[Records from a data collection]
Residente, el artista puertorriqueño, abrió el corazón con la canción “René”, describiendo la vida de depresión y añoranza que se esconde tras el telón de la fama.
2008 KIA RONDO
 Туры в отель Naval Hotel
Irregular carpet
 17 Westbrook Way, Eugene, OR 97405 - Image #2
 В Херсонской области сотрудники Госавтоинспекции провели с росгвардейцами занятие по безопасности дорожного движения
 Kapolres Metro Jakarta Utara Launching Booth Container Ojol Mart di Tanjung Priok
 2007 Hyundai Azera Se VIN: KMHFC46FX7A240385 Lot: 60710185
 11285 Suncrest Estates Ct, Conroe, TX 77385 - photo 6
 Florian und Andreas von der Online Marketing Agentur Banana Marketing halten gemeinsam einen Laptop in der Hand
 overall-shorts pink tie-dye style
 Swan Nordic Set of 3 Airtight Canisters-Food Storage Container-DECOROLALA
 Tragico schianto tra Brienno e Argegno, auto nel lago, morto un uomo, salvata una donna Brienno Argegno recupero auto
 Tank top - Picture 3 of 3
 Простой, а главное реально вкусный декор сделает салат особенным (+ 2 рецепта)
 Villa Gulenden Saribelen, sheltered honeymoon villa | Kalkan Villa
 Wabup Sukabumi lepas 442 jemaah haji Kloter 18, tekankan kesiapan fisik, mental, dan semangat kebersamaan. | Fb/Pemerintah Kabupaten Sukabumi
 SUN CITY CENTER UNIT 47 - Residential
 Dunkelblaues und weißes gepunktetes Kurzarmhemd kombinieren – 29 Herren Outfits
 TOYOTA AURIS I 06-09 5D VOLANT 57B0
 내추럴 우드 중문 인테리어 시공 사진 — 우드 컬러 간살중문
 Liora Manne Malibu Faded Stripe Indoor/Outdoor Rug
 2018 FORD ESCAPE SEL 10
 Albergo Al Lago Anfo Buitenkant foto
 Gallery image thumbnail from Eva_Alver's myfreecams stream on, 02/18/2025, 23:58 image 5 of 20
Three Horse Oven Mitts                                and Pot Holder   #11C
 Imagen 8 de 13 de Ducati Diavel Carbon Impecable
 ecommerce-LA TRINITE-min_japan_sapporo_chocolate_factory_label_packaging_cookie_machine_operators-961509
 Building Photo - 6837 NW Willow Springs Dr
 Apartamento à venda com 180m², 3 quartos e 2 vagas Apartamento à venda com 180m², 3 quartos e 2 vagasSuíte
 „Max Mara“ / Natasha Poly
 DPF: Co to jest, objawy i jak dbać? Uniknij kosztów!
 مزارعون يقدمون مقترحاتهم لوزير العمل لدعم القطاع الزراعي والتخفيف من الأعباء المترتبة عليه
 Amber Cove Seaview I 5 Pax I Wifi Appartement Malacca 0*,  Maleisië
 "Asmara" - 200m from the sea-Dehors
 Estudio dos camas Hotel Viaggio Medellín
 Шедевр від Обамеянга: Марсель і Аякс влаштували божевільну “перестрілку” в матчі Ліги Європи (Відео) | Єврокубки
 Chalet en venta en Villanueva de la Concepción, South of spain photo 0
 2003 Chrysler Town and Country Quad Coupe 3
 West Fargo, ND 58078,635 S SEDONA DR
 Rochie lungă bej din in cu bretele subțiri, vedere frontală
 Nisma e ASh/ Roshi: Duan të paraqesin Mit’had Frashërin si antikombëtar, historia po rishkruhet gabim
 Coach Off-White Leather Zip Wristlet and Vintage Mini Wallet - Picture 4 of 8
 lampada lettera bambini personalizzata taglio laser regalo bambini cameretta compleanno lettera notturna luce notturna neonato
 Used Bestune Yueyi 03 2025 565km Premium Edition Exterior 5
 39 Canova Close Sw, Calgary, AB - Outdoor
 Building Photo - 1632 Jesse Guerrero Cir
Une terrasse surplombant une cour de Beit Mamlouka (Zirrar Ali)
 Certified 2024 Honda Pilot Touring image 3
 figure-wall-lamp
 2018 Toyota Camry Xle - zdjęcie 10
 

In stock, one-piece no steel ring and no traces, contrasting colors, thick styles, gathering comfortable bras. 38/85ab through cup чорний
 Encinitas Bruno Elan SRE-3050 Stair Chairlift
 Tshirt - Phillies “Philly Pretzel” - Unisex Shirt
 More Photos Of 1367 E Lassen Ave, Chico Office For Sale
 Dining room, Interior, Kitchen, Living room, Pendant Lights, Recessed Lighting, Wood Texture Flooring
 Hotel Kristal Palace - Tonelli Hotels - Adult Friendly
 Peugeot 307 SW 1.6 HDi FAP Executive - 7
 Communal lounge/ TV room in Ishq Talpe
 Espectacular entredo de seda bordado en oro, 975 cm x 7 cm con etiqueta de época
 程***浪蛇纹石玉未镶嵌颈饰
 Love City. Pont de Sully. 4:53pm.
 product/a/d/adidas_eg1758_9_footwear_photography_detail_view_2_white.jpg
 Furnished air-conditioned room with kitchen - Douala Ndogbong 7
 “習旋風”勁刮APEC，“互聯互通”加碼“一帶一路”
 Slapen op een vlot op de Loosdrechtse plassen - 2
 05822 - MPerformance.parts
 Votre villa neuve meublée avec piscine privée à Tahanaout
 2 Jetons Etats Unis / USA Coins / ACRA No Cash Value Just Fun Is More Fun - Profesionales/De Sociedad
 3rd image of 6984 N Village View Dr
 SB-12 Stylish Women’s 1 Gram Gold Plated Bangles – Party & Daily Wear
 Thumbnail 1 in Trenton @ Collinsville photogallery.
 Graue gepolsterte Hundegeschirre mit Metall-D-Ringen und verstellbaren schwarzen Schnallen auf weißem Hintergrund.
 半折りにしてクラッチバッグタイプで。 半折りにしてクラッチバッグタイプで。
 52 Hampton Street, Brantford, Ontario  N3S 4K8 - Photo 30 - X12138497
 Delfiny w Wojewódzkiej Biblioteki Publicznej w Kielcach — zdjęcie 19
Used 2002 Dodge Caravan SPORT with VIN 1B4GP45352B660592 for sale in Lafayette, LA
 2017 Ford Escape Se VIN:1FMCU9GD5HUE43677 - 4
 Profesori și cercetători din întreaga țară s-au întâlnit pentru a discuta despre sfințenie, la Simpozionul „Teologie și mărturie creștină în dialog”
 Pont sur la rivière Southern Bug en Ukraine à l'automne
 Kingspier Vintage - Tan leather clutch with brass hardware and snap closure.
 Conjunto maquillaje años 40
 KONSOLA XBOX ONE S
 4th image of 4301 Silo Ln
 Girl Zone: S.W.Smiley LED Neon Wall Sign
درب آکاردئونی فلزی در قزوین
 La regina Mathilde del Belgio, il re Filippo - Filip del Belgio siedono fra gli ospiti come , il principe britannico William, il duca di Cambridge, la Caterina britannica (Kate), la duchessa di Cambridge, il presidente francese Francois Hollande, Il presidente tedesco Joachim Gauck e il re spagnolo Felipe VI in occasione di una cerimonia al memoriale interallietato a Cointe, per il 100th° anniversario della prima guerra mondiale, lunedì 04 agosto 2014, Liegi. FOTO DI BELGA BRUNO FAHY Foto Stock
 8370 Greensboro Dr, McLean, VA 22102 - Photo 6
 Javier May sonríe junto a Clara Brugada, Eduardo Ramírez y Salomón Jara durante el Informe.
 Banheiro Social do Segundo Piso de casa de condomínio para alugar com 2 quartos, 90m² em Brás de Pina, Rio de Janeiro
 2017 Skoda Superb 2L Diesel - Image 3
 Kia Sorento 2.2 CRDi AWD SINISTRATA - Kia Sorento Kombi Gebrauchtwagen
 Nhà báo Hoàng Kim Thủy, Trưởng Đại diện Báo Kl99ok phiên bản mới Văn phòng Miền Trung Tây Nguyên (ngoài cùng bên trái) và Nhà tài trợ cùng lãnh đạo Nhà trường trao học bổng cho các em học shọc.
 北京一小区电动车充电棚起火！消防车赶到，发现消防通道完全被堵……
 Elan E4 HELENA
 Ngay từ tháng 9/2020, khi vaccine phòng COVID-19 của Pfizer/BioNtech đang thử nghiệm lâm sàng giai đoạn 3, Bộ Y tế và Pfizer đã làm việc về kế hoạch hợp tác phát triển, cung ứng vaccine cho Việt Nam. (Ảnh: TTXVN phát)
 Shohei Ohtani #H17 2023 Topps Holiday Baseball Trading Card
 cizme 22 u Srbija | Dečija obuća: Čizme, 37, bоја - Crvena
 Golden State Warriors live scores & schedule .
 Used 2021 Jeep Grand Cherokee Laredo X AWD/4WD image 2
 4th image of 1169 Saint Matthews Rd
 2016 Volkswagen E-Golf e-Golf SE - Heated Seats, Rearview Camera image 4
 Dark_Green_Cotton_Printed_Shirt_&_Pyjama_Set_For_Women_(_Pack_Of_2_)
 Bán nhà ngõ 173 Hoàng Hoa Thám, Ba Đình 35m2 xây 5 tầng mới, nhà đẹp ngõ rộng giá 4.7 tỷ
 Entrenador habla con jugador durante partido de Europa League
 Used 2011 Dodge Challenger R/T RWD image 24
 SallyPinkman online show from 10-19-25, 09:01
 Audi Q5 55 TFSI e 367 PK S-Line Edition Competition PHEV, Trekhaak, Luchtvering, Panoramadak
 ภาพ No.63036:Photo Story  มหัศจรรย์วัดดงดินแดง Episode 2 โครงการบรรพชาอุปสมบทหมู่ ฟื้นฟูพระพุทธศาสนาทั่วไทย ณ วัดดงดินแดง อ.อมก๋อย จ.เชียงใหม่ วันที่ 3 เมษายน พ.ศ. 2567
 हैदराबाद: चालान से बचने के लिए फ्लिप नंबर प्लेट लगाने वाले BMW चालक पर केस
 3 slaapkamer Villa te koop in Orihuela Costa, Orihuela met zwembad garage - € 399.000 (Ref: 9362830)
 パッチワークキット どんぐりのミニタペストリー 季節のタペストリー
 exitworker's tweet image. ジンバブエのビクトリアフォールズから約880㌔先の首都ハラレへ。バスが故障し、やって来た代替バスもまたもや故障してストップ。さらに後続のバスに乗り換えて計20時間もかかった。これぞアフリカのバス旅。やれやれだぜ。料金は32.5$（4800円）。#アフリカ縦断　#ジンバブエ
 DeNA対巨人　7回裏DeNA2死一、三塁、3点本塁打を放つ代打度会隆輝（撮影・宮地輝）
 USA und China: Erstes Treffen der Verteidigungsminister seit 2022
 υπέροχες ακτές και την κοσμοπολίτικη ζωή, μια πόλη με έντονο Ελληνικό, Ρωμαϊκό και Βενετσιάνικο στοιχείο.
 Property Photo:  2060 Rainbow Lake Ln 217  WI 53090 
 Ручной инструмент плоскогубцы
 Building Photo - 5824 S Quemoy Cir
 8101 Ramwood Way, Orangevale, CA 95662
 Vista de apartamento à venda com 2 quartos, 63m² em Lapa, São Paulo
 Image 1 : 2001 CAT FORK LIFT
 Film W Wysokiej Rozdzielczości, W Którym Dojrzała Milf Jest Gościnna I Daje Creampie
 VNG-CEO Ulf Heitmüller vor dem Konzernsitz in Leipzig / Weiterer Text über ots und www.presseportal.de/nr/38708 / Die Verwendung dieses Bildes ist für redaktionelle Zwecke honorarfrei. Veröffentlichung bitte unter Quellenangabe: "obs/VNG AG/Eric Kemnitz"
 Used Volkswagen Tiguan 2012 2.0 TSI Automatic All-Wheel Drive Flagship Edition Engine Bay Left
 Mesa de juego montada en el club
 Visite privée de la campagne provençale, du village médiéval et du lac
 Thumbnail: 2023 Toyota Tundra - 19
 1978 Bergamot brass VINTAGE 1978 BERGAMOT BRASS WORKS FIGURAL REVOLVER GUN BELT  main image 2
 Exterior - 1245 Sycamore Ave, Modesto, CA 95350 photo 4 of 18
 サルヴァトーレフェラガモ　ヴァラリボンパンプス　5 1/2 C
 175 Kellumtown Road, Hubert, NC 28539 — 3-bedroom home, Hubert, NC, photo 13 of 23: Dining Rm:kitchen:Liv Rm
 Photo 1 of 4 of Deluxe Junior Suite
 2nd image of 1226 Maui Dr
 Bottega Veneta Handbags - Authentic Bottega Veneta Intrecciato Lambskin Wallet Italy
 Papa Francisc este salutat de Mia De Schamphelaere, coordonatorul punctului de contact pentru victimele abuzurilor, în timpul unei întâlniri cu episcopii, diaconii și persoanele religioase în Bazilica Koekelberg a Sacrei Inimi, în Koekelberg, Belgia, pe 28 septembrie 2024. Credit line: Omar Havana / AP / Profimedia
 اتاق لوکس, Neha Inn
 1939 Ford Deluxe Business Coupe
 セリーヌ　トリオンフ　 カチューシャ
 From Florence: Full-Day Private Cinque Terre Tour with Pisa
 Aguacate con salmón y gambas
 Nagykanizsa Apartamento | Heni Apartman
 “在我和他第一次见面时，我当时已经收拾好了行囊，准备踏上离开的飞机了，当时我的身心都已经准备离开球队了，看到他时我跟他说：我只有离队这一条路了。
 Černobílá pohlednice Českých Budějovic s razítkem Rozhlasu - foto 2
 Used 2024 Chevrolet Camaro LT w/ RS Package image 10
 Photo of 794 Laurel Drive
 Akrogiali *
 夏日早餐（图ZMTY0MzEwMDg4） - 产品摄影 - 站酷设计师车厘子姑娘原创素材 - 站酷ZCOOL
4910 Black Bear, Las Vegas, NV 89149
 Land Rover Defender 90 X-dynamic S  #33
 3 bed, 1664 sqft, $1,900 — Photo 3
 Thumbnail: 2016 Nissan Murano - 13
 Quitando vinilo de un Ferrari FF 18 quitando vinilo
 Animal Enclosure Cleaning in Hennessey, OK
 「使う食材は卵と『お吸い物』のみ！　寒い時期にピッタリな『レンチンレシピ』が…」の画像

# [Exercise description]
Please reproduce, exactly as they appear above, the lines from the line containing "Profesori și cercetători" up to and including the line containing "درب آکاردئونی فلزی در قزوین".

# [Task response]
 Profesori și cercetători din întreaga țară s-au întâlnit pentru a discuta despre sfințenie, la Simpozionul „Teologie și mărturie creștină în dialog”
 Pont sur la rivière Southern Bug en Ukraine à l'automne
 Kingspier Vintage - Tan leather clutch with brass hardware and snap closure.
 Conjunto maquillaje años 40
 KONSOLA XBOX ONE S
 4th image of 4301 Silo Ln
 Girl Zone: S.W.Smiley LED Neon Wall Sign
درب آکاردئونی فلزی در قزوین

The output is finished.